*** Opening of INFORMATION PROVIDED ***
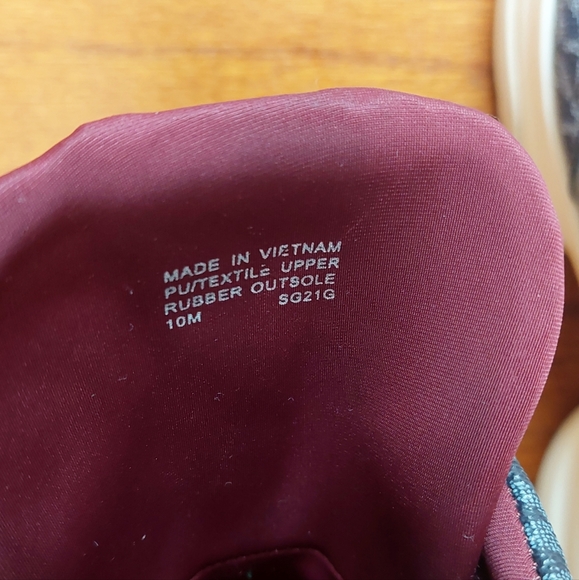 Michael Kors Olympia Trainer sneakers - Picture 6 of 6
*** Close of INFORMATION PROVIDED ***
*** Opening of INFORMATION PROVIDED ***
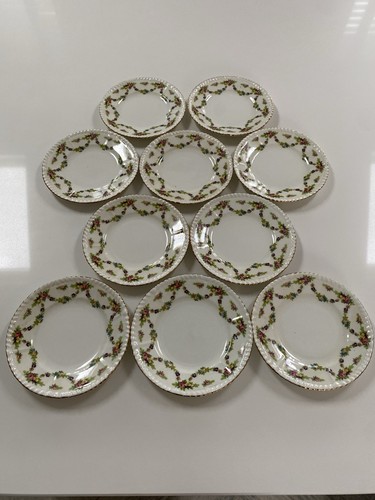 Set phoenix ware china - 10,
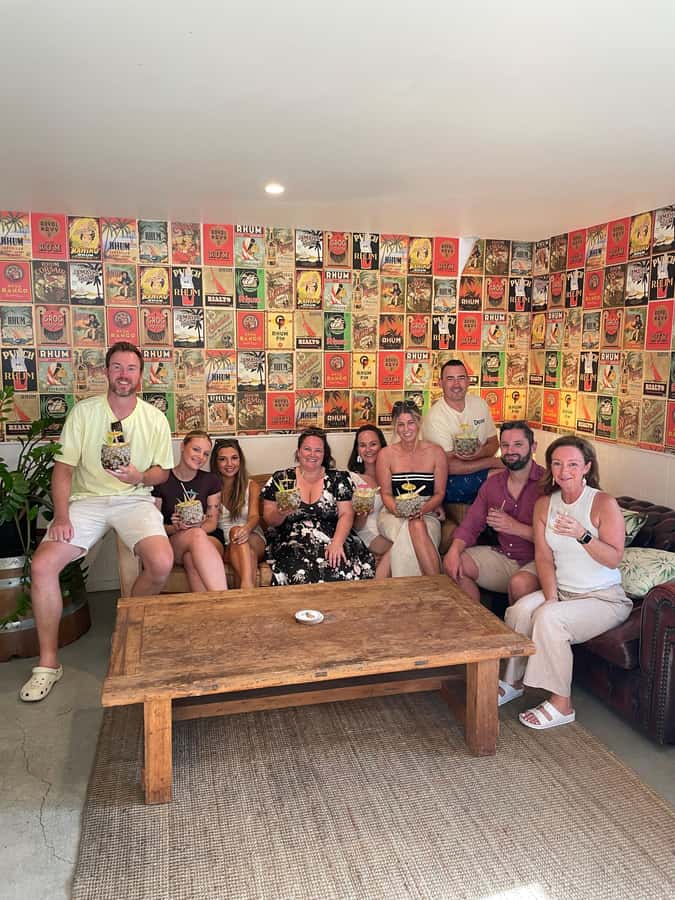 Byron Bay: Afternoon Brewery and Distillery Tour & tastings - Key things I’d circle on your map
*** Close of INFORMATION PROVIDED ***
* [TASK INSTRUCTIONS]: Transcribe, exactly and without pictures, everything in the data from the line with "Set phoenix ware" down to the line with "Byron Bay: Afternoon", both included.

* [ANSWER BELOW]:
 Set phoenix ware china - 10,
 Byron Bay: Afternoon Brewery and Distillery Tour & tastings - Key things I’d circle on your map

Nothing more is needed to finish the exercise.